The task:
Exactly as they appear, retype the lines from the one containing "Universal Resort Kissimmee" through the final line of the data below. Leave pictures out.

[[ Material provided, beginning ]]

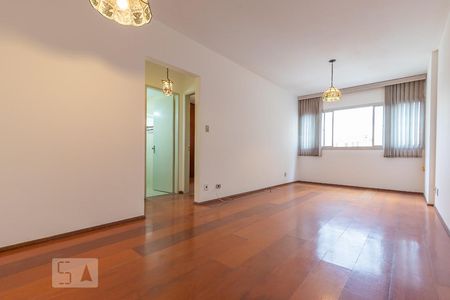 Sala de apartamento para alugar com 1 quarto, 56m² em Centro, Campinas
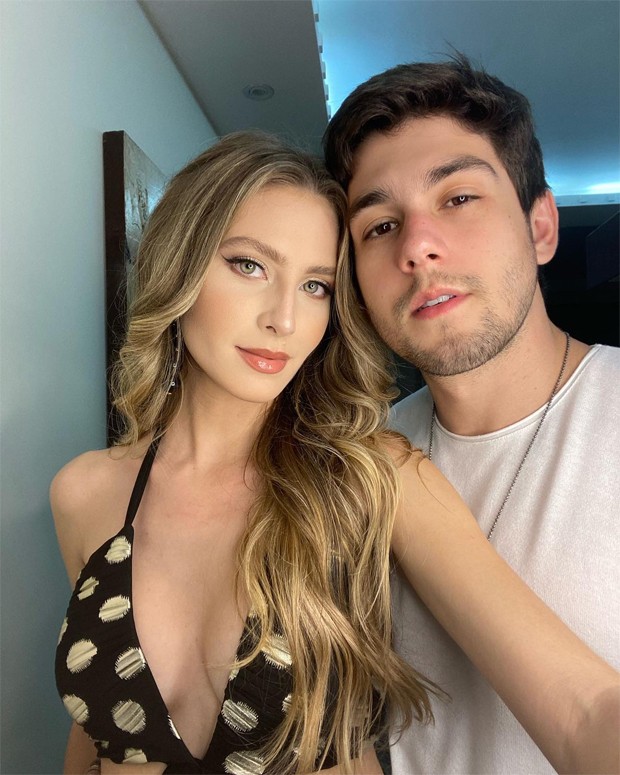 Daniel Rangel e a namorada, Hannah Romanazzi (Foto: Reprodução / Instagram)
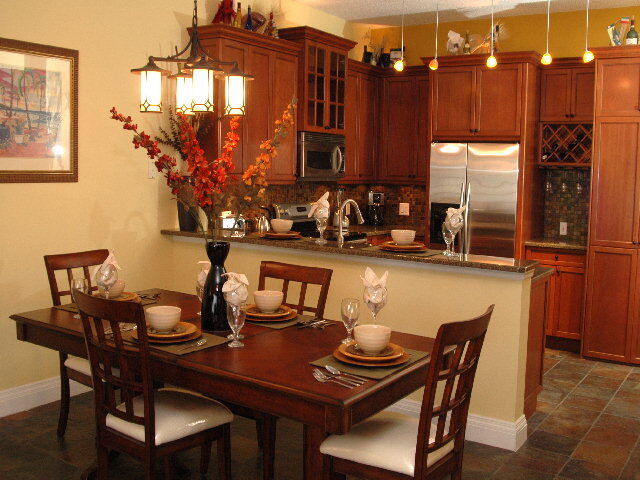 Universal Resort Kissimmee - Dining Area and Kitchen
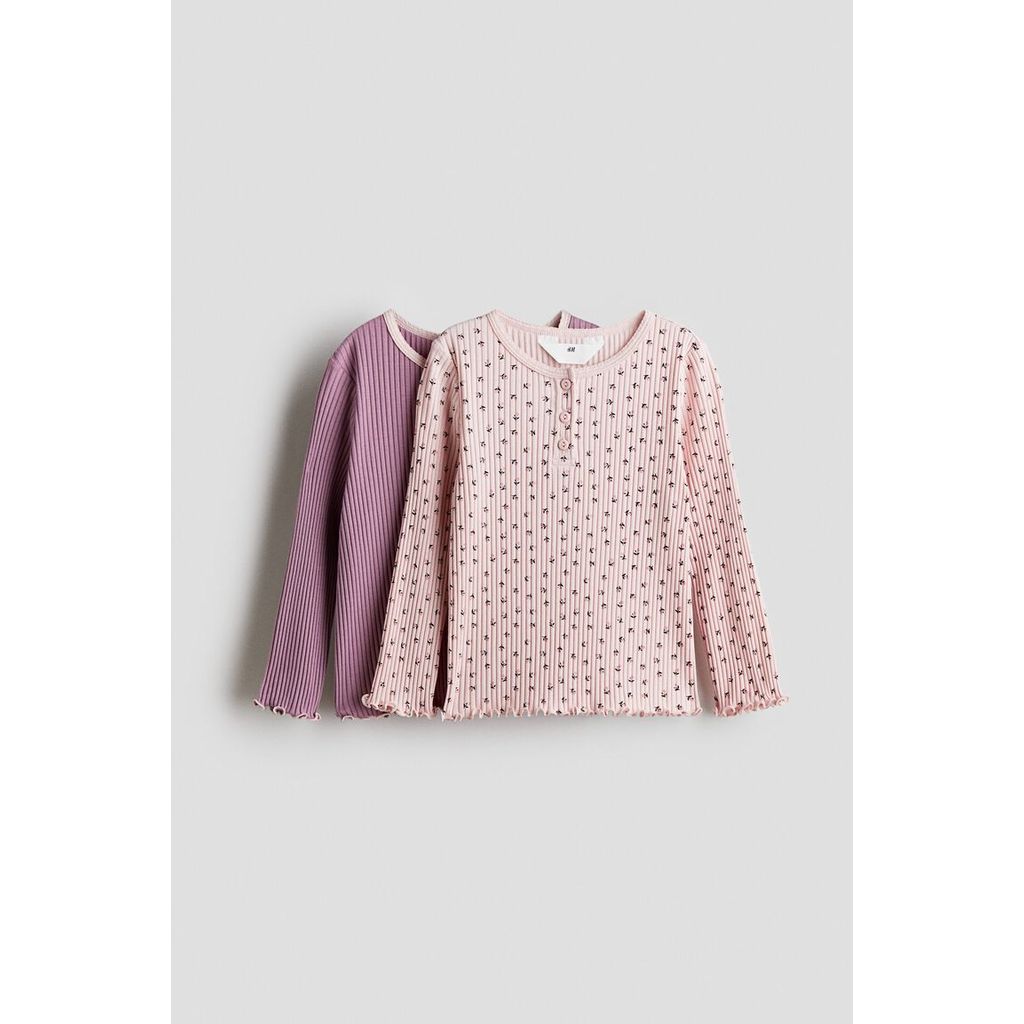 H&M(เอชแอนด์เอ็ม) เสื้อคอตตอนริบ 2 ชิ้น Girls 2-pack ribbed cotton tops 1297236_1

[[ Material provided, end ]]

Exercise output:
 Universal Resort Kissimmee - Dining Area and Kitchen
 H&M(เอชแอนด์เอ็ม) เสื้อคอตตอนริบ 2 ชิ้น Girls 2-pack ribbed cotton tops 1297236_1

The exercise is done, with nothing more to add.